Students might also benefit from focused instruction on how to use the filing features of Windows in order to systematically store knowledge and reduce their cognitive load by temporarily distributing items from their working memory. Specifically, options for file management and file-naming conventions should be taught to technical communication and engineering students. As environmental engineers continue to write proposals and complete remediation projects, they need to be able to keep all of those projects in an easily accessible archive that provides digitally stored knowledge as they progress through their careers.

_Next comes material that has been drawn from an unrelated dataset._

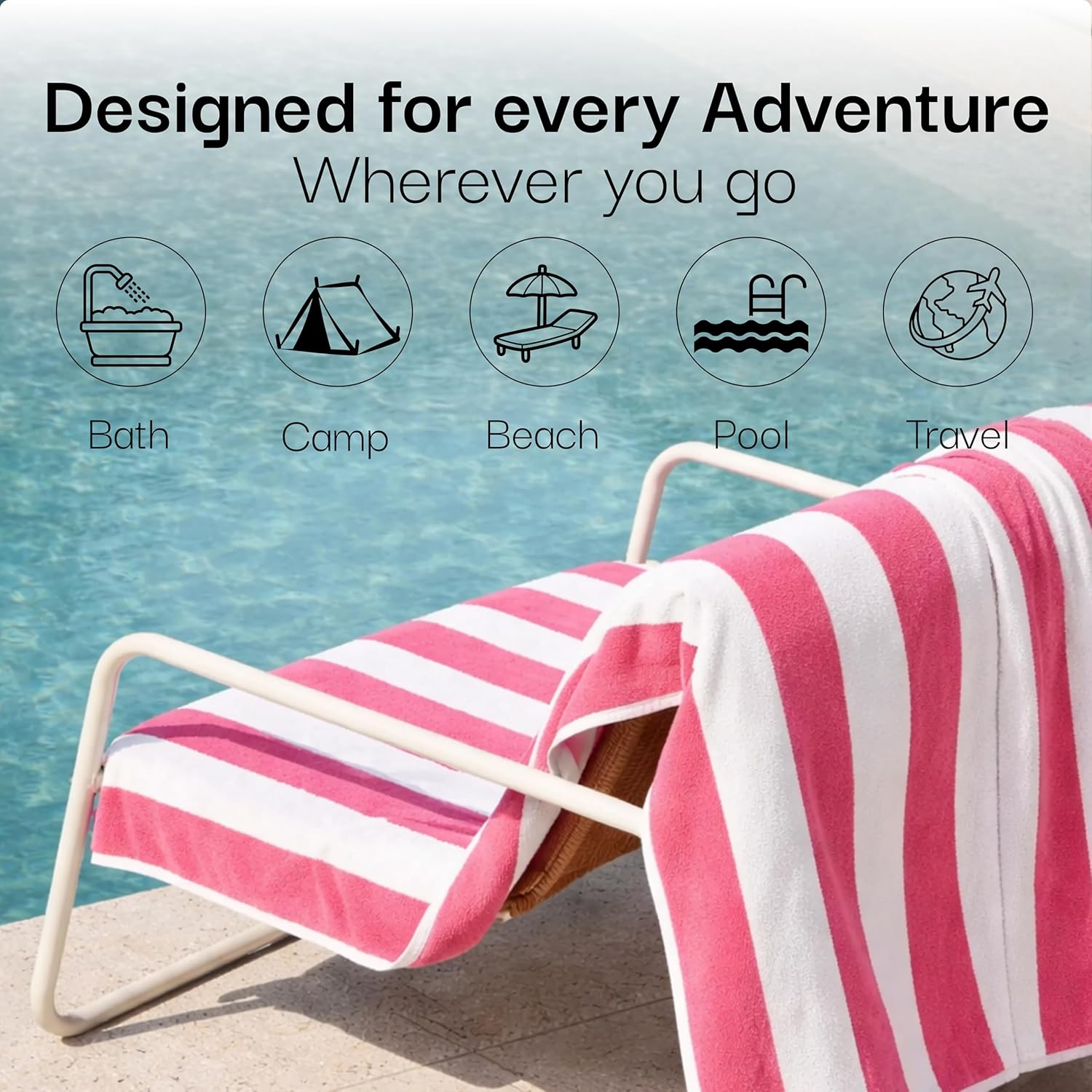 Salt Earth Cotton Striped Beach Cabana Towel, 4 Pack - 30"x60" Quick Dry Towels, Pool Essentials, Travel, Gym & Bathroom Towels, Oversized Beach Vacation Essentials, Lux Pink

Beyond these pedagogical implications, this case study calls for future research. Our study provides additional qualitative evidence of memory at work, as described by Leijten et al. (2014). It further supports Van Ittersum’s (2009) and Leijten et al.’s findings that writers use multiple physical and digital sources when composing and builds on the foundation that Winsor (1990, 1992, 1998, 1999, 2001) laid in multiple studies. In the future, qualitative writing researchers might further explore the roles of distributed memory and distributed cognition in engineering writing processes. Additionally, we echo Whittemore’s (2007) call for future research that continues to address the role of the classical rhetorical canons—specifically, memory as a useful and well-worn theoretical framework for analysis. Van Ittersum (2009) has noted the importance of “sustainable memory practices” (p. 262). We extend his notion to include sustainable distributed memory and distributed cognitive practices.
Footnotes
Appendix
Please tell me about the proposal you were writing. Did you find this proposal-writing experience typical? Can you explain? Did you use any resources writing this proposal? Which ones? Why? Do you usually use resources when you write a proposal? If so, which ones? Why? Did you use any Web sites? If so, why? What were you thinking about while you were writing the proposal?
Acknowledgments
We thank Beatrice and her firm for allowing us the opportunity to research proposal-writing practice in environmental engineering. Additionally, we are grateful for the thoughtful and supportive critical feedback from the two anonymous reviewers at the Journal of Business and Technical Communication and David Russell.
Declaration of Conflicting Interests
The authors declared no potential conflicts of interest with respect to the research, authorship, and/or publication of this article.
Funding
The authors received no financial support for the research, authorship, and/or publication of this article.